On Thursday, Digg, the once-hugely popular social news site, sold to startup incubator Betaworks for $500,000, according to The Wall Street Journal‘s sources.
The $500,000 figure is absurdly low for a company that raised $45 million in investment from some of Silicon Valley’s biggest names, but it wasn’t just a cash deal. Equity in Betaworks was also part of the deal, and we don’t know how much that was worth. AllThingsD got Digg CEO Matt Williams to say that “the overall consideration was significantly larger” than $500,000.
Williams took over as CEO when Kevin Rose left the company in March 2011, going off to do his own thing. It never amounted to much more for Rose than an eventual job at Google after his intervening startup failed.

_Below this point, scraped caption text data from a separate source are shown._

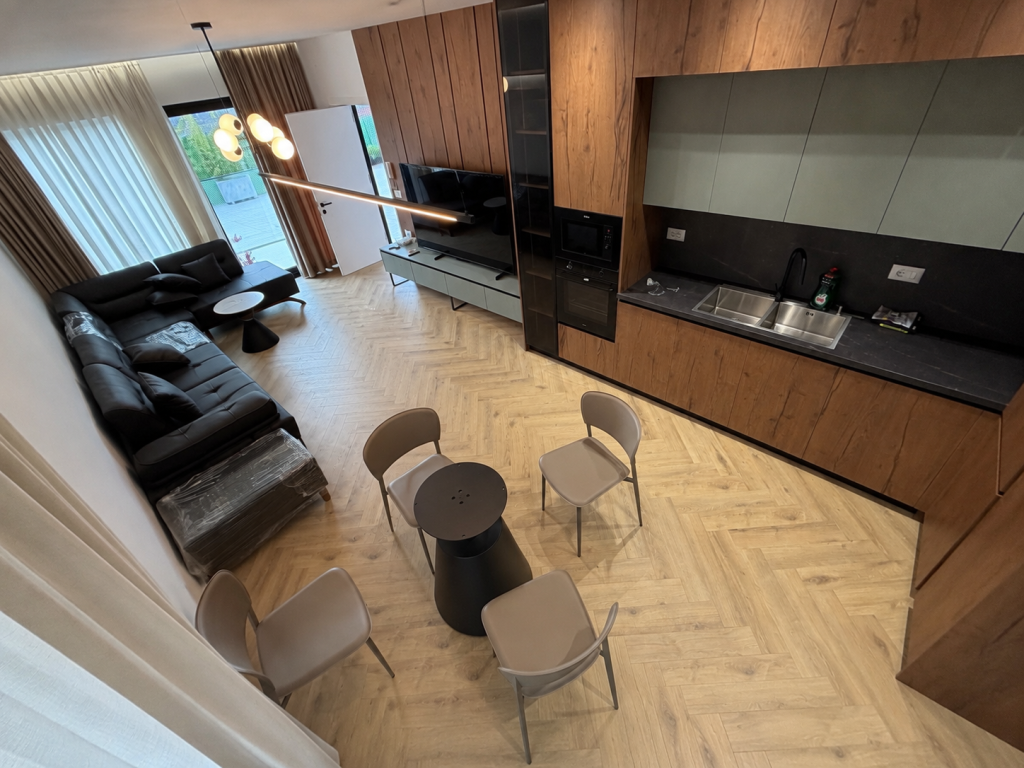 Super villa in affitto 2700 euro / mese lago secco
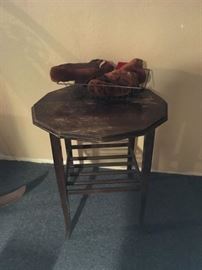 A nice vintage lamp table looking for a home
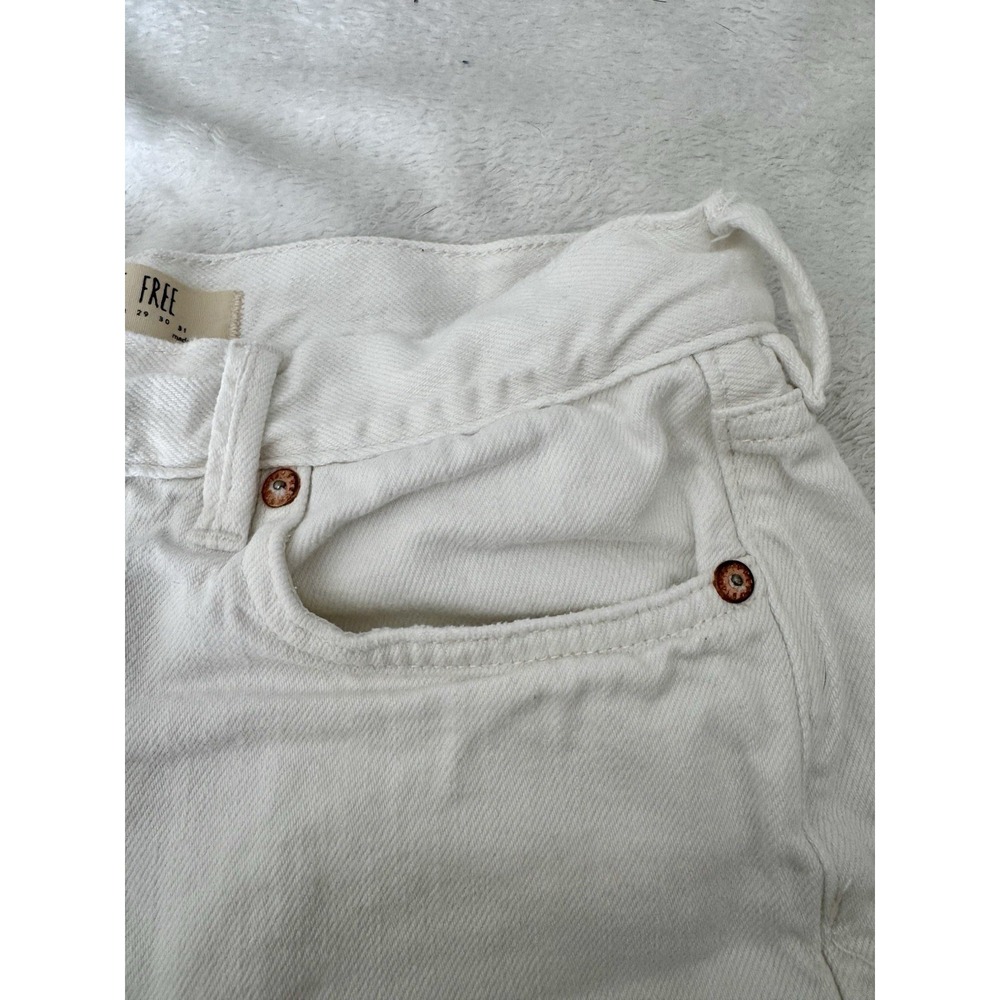 Free People Women's White Denim Loving Good Vibrations Cut Off Shorts Size 27‎ - Picture 5 of 12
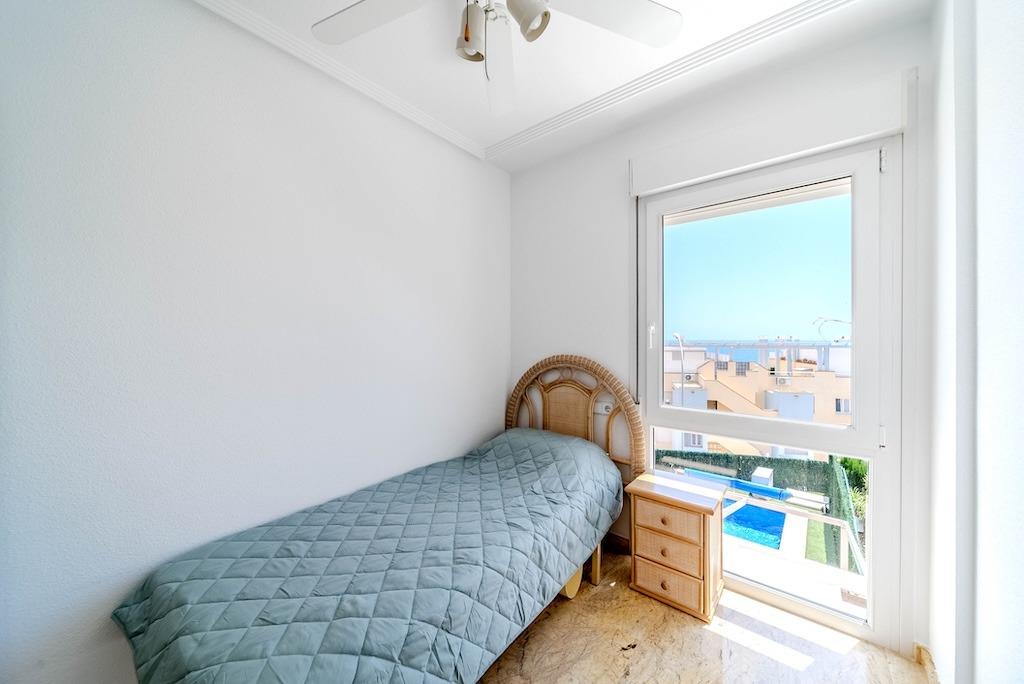 Сasa en Campoamor, Alicante, España 3 dormitorios, 177 m2 No. 177545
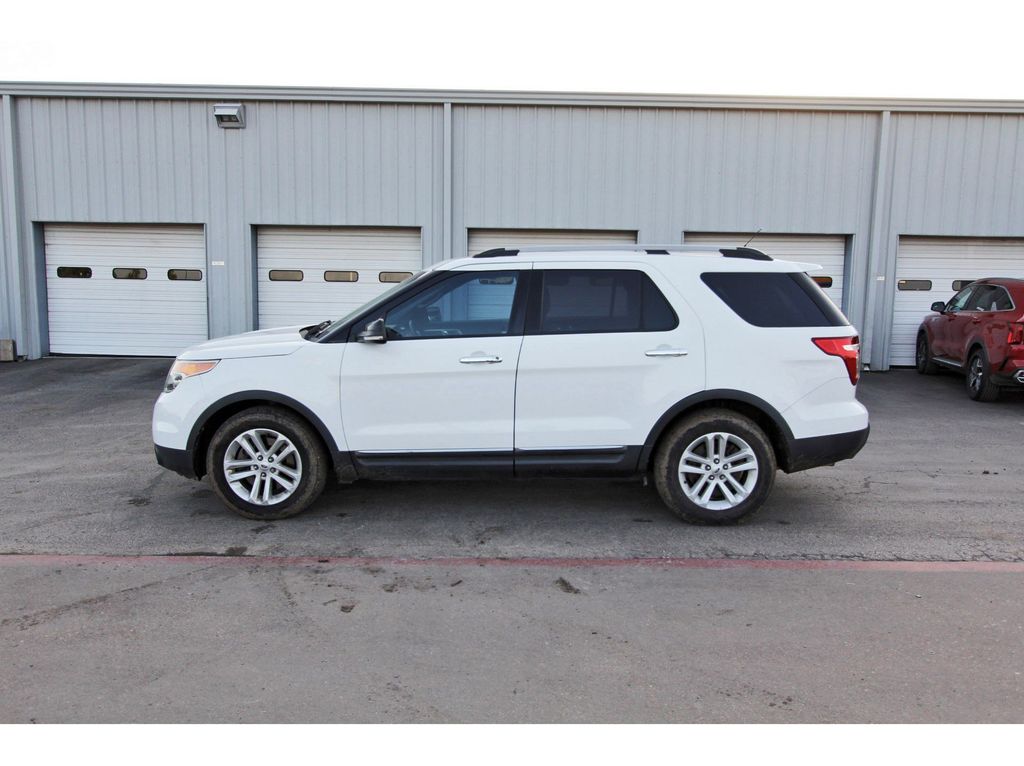 2013 Ford Explorer XLT White at DeMontrond Gulf Freeway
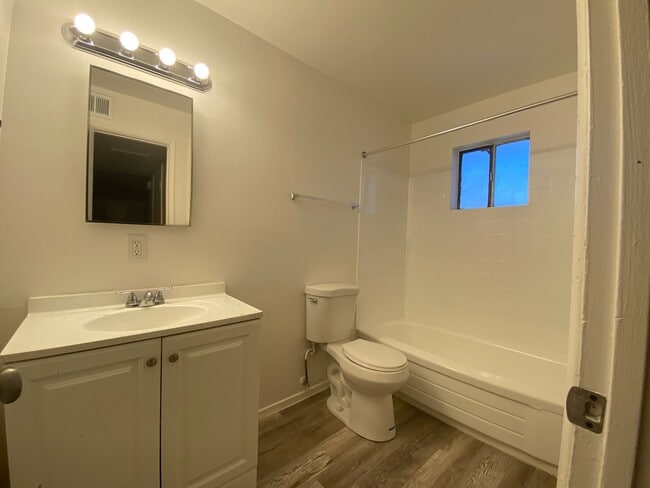 Floorplan - Devonshire Apartments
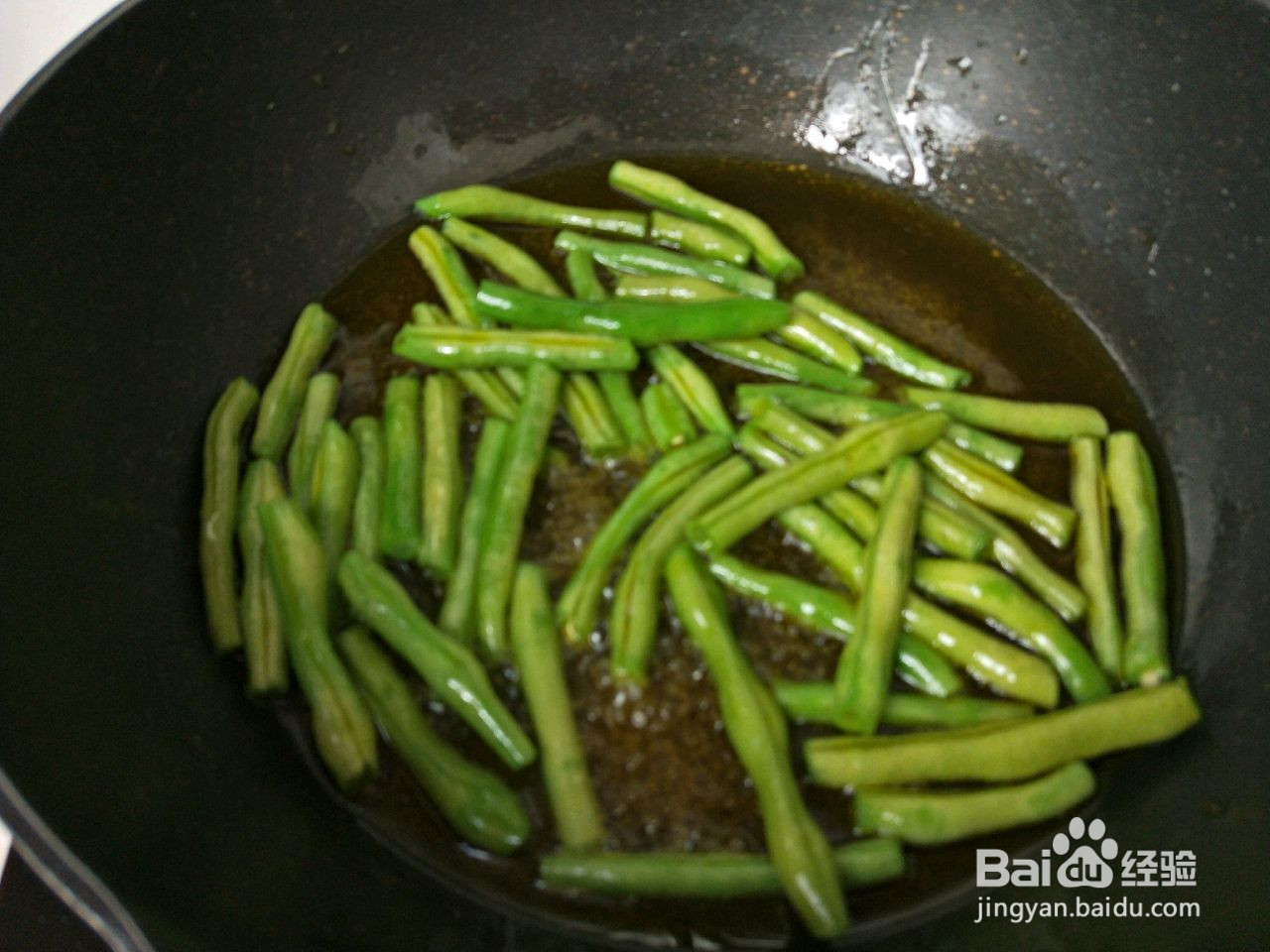 蚝油汁烧茄子豆角的做法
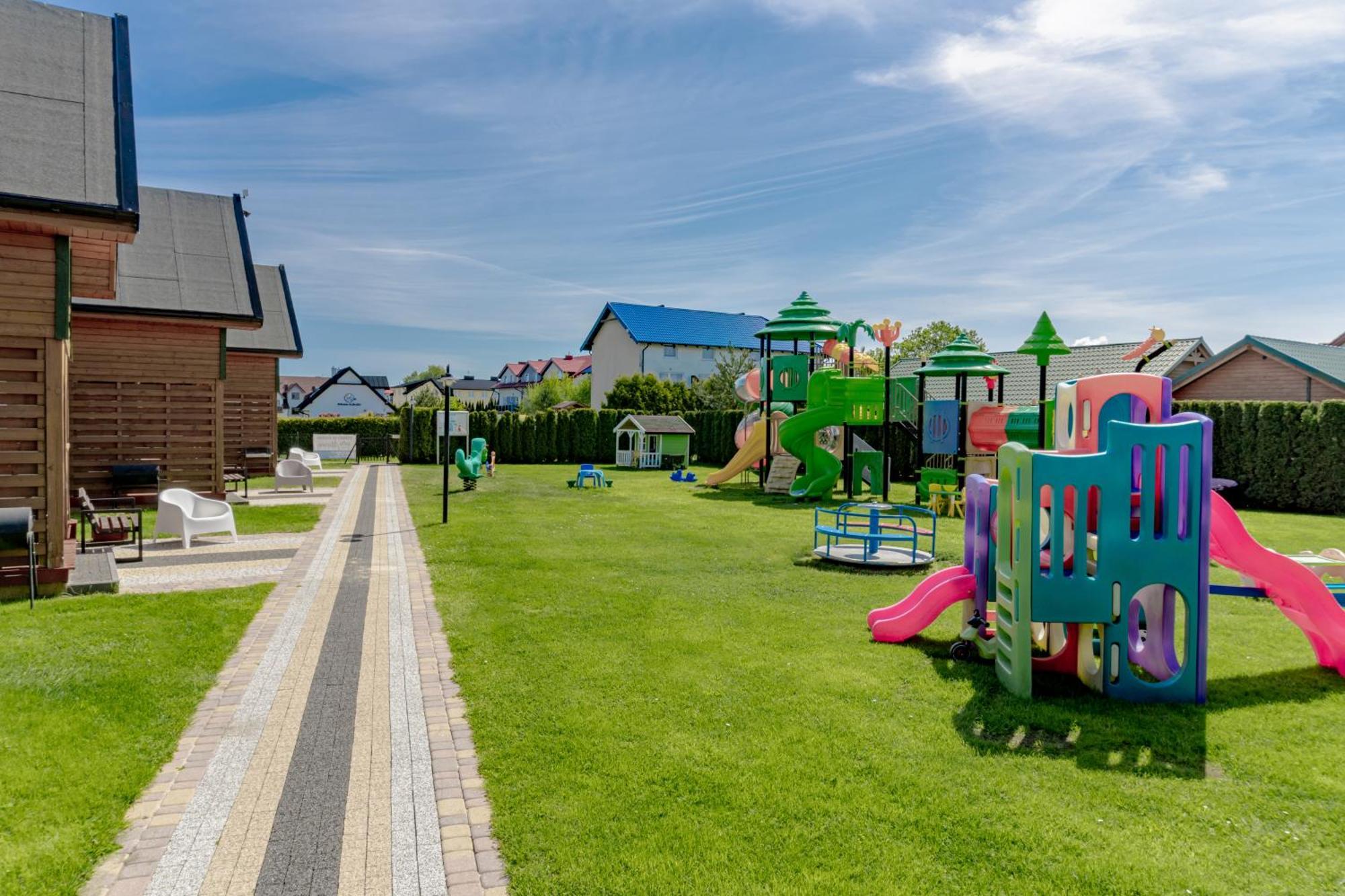 Domki Morena - Rodzinne Domki Blisko Plazy Karwia Buitenkant foto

Digg went on without him, trying out a new model organized around topical social newsrooms, a redesign that its existing users hated. But the company was gutted in May, when 15 key engineers – more than half the company – were hired away by The Washington Post Company to work on its digital offerings.
The site still receives seven million monthly visitors, according to comScore, and it’s still a well-known brand with sharing buttons scattered across the Web. The Journal reports that Betaworks plans to fold it into News.me, a kind of social news community with a cutting-edge mobile app that’s much better suited to the way people read and share in this day and age.
None of the remaining Digg staffers will be going along.
The bottom line for Digg is that Reddit won. Digg’s mechanisms were too easily gamed, and shrewd users abused the rules and concentrated too much power in their own hands. Reddit, by contrast, is governed by a “karma” system that is as equitable as possible, and it has a cadre of moderators ensuring that the best material rises to the top and the worst is punished. As Reddit soars to prominence that Digg itself never saw, Digg has sold for a song.
Digg and Betaworks jointly announced the news Thursday on their company blogs.